**Required action:**
Below is a listing with pictures in it; transcribe exactly the lines from the one that has "bokeh pastel crystal" through the one that has "Simple is Good", and omit those pictures.

**Records for this exercise:**

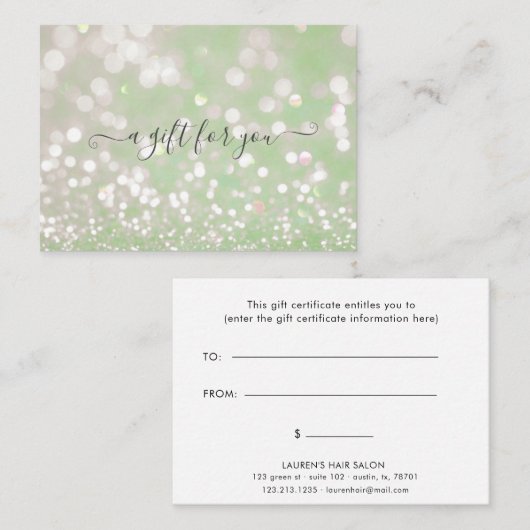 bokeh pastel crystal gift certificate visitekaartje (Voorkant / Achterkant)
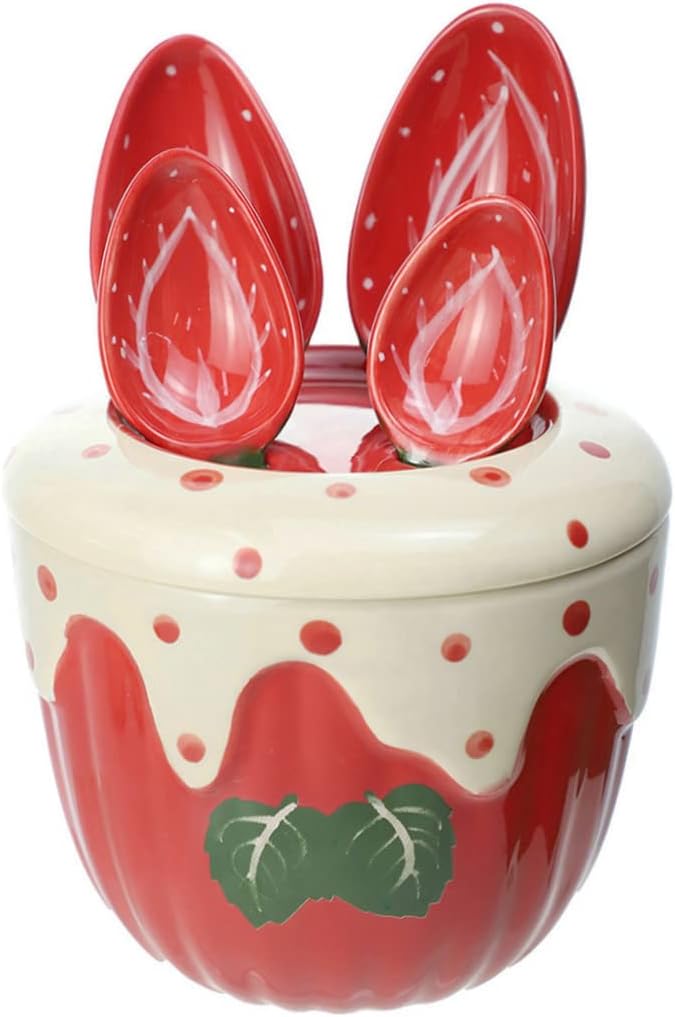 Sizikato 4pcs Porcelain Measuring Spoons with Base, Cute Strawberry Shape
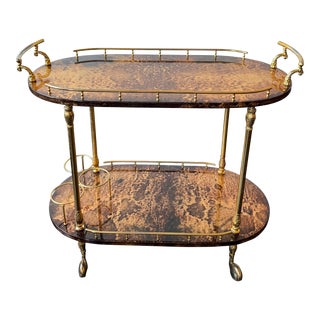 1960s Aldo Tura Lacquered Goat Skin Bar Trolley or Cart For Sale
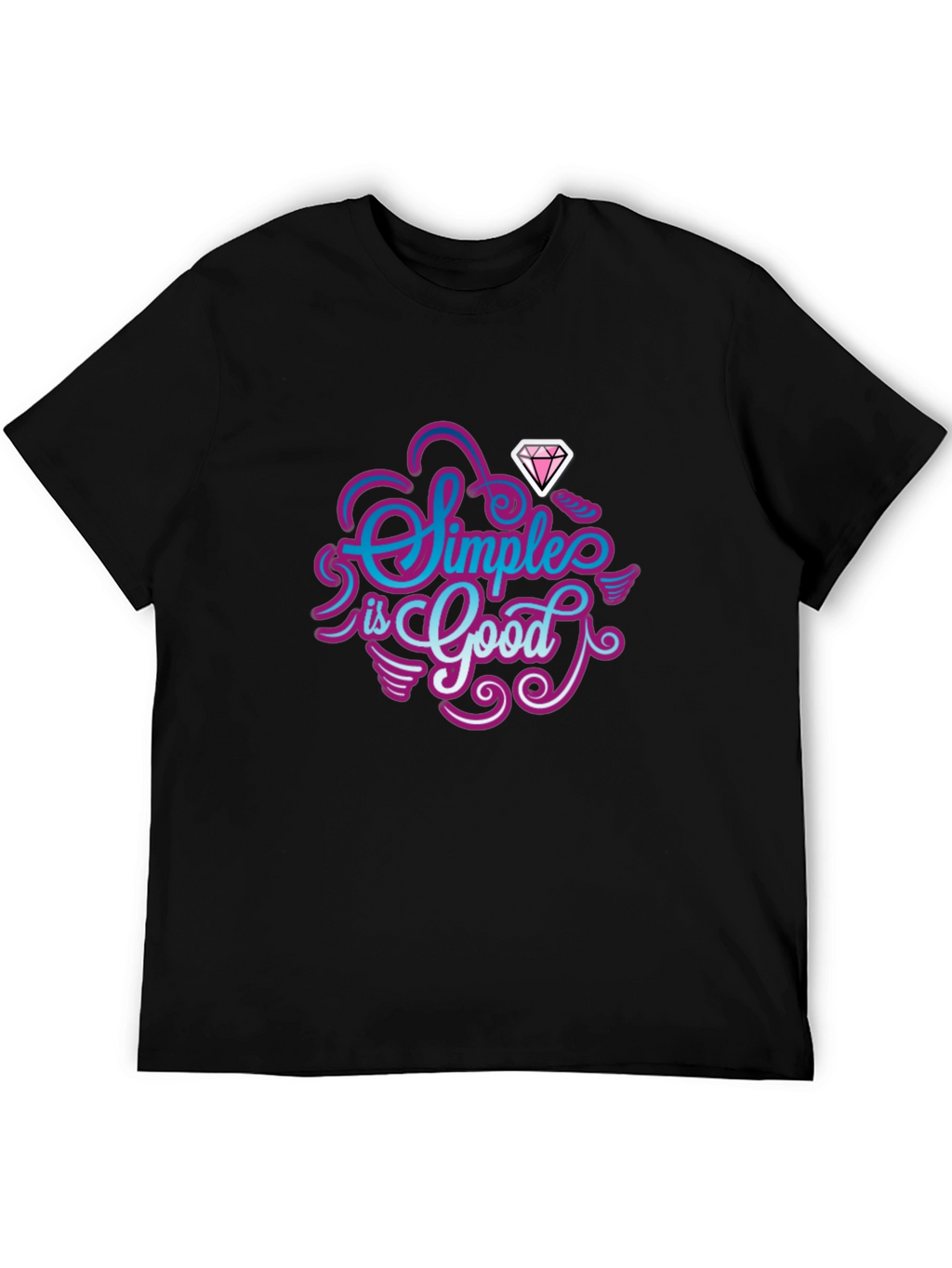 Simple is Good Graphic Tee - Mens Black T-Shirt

==

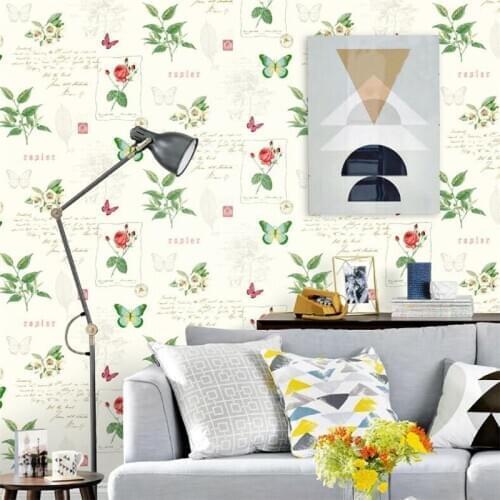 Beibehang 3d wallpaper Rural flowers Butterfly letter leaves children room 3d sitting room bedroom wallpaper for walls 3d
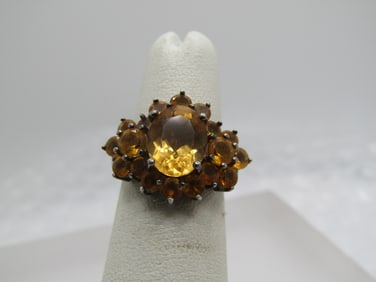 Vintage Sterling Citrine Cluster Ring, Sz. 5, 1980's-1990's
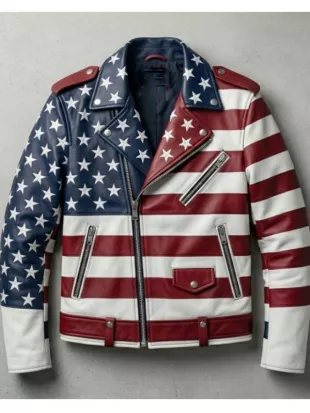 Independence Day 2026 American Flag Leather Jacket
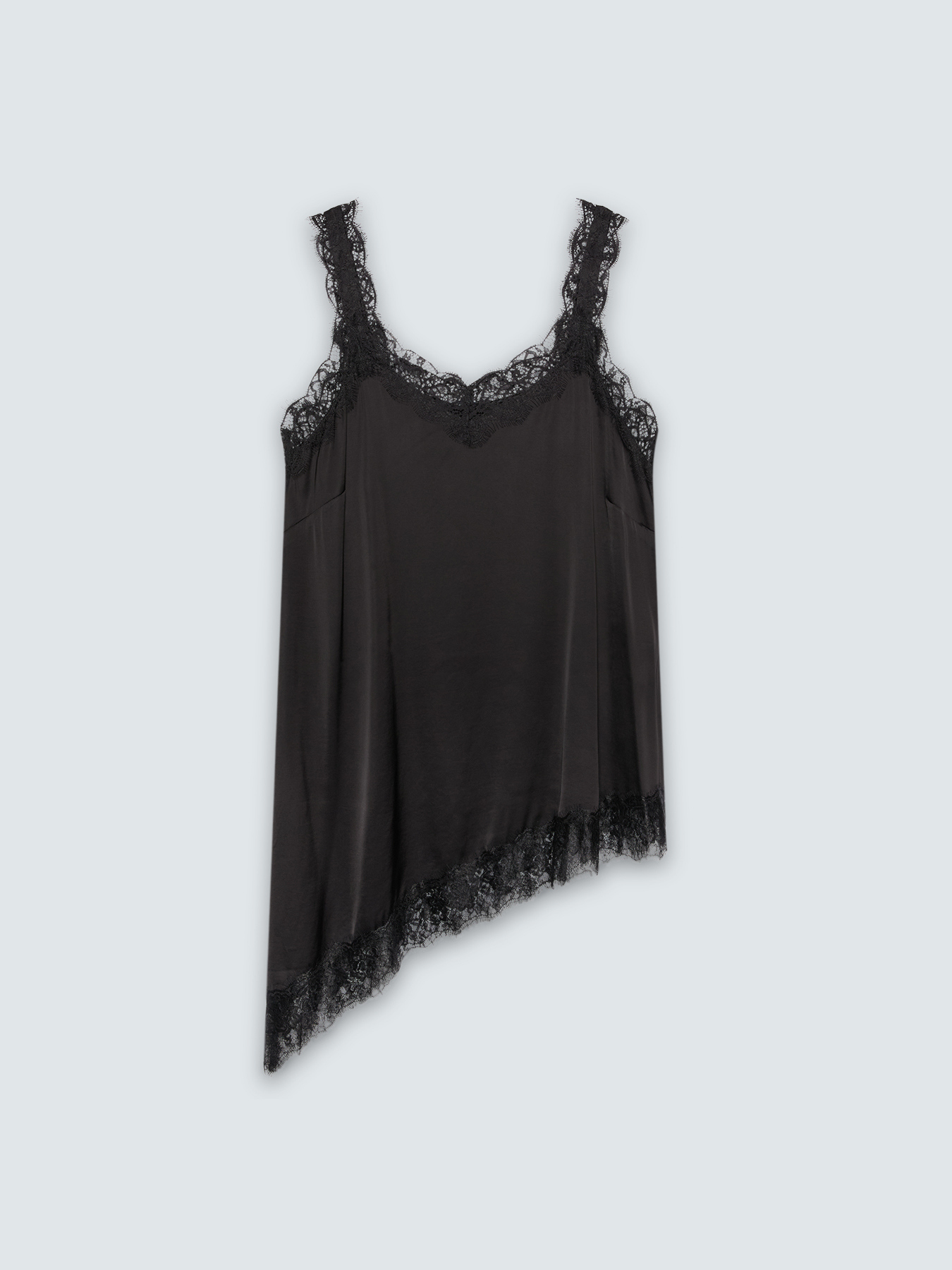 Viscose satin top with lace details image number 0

* * *

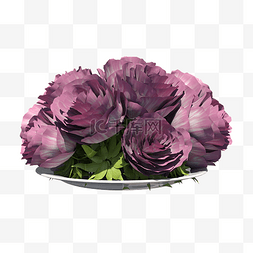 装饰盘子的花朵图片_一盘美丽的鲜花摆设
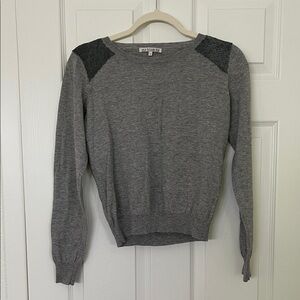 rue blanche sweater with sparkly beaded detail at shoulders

**Response to this task:**
 bokeh pastel crystal gift certificate visitekaartje (Voorkant / Achterkant)
 Sizikato 4pcs Porcelain Measuring Spoons with Base, Cute Strawberry Shape
 1960s Aldo Tura Lacquered Goat Skin Bar Trolley or Cart For Sale
 Simple is Good Graphic Tee - Mens Black T-Shirt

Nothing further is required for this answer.